# woodburning stove



## Norma Gerty (Oct 10, 2015)

Hi everyone does any one know of a company you could reccomend to fit a woodbrner in our Renault master van. would appreciate any ideas thanks


----------



## molly 2 (Oct 10, 2015)

I can only think of splitty 67  ,he was very happy with his  .he  did a great chillie on it.


----------



## wildman (Oct 10, 2015)

Try the "windy Smithy", in Somerset.

Our Woodburners - Hand Made in Devon | Windy Smithy


----------



## n brown (Oct 10, 2015)

whereabouts are you ?


----------



## vwalan (Oct 10, 2015)

i,m with roger on this one windysmith do some nice flashings . my mates have used them . mind most fit their own . but looking at the flashings windysmith is top class.


----------



## Teutone (Oct 10, 2015)

I know each to their own. But I am always puzzled why one would fit a unit with a open flame inside a motorhome. I am just about happy with the gas burning thingie. Also considering the amount of wood (=weight) you need to keep warm, I am much more happy with the gas bottle.
Not even speaking of the dust, smoke and the need to empty the ash tray.


----------



## n brown (Oct 10, 2015)

vwalan said:


> i,m with roger on this one windysmith do some nice flashings . my mates have used them . mind most fit their own . but looking at the flashings windysmith is top class.

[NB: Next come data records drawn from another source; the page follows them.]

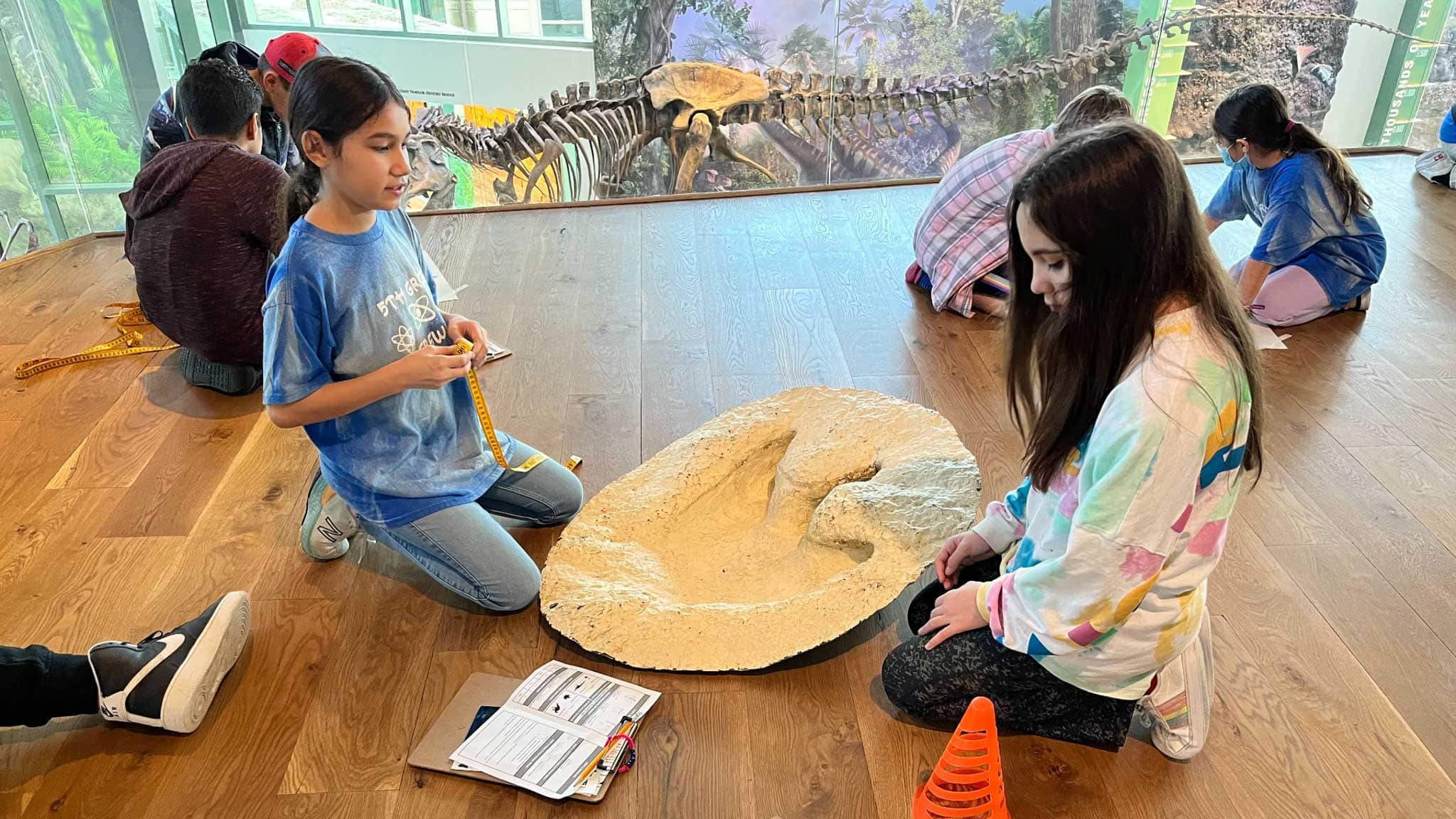 Two school-aged girls sitting on the floor next to a dinosaur track cast.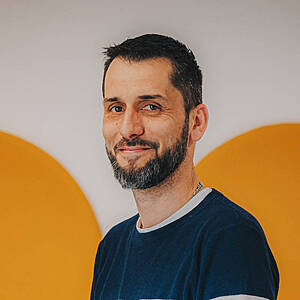 Man smiling in front of orange circles.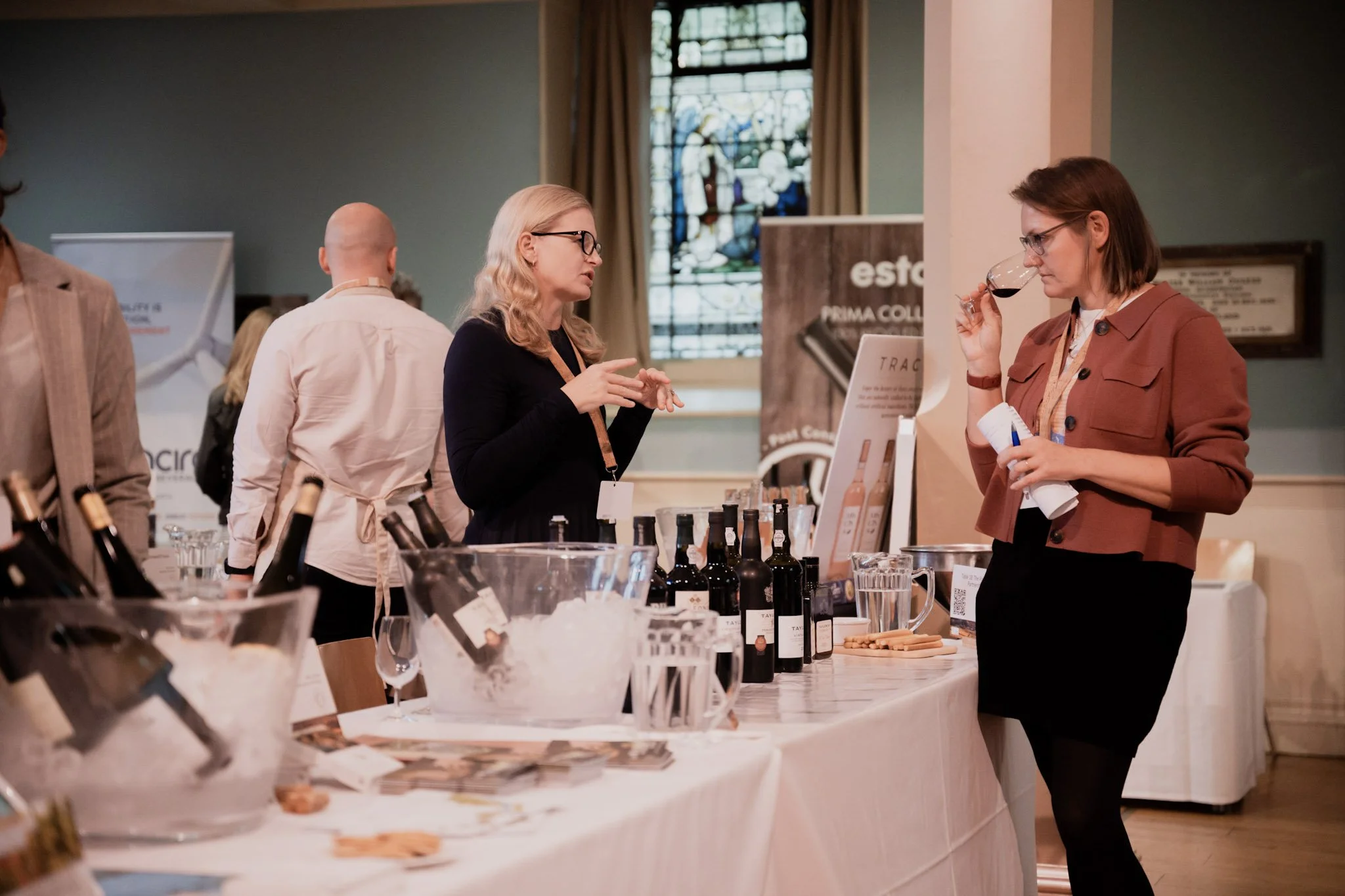 Two women at a wine tasting event, one tasting wine from a glass and the other talking, with bottles of wine and promotional materials on a table.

  i just put a windysmithy wendy stove in for a mate. what flashings do you mean, the silicone roof bit ?


----------



## vwalan (Oct 10, 2015)

yes . i thought it quite well done . and looks neat.


----------



## vwalan (Oct 10, 2015)

i was always going to put a woodburner in mine but never did . they do create a dry heat. the dust is minmal. carrying wood can be awkward yes but also a bit coal or coke works good as well. many friends have them . 
i use a thermex catalytic heater off gas for how much i use it its ok. 
even very small wood burners work well. one mate had one hardly bigger than a shoe box . hardest part was cutting the wood small enough to go in but it was cosy. 
i find in winter down south spain etc just two gas lights gives a nice warming feel . no need for a fire .


----------



## Obanboy666 (Oct 10, 2015)

Teutone said:


> I know each to their own. But I am always puzzled why one would fit a unit with a open flame inside a motorhome. I am just about happy with the gas burning thingie. Also considering the amount of wood (=weight) you need to keep warm, I am much more happy with the gas bottle.
> Not even speaking of the dust, smoke and the need to empty the ash tray.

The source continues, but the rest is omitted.